◆ **Stored dataset items**
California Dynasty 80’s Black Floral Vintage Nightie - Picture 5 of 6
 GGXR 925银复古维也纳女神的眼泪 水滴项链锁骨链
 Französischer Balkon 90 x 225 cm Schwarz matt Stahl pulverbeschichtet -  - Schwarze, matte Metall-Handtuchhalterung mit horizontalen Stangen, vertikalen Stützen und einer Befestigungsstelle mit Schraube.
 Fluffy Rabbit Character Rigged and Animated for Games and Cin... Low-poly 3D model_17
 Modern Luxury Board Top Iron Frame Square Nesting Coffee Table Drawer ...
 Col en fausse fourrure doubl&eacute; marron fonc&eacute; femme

◆ **DESCRIPTION OF THE TASK**
An exact reproduction of all the entries above is the expected answer.

◆ **ANSWER TO THIS TASK**
California Dynasty 80’s Black Floral Vintage Nightie - Picture 5 of 6
 GGXR 925银复古维也纳女神的眼泪 水滴项链锁骨链
 Französischer Balkon 90 x 225 cm Schwarz matt Stahl pulverbeschichtet -  - Schwarze, matte Metall-Handtuchhalterung mit horizontalen Stangen, vertikalen Stützen und einer Befestigungsstelle mit Schraube.
 Fluffy Rabbit Character Rigged and Animated for Games and Cin... Low-poly 3D model_17
 Modern Luxury Board Top Iron Frame Square Nesting Coffee Table Drawer ...
 Col en fausse fourrure doubl&eacute; marron fonc&eacute; femme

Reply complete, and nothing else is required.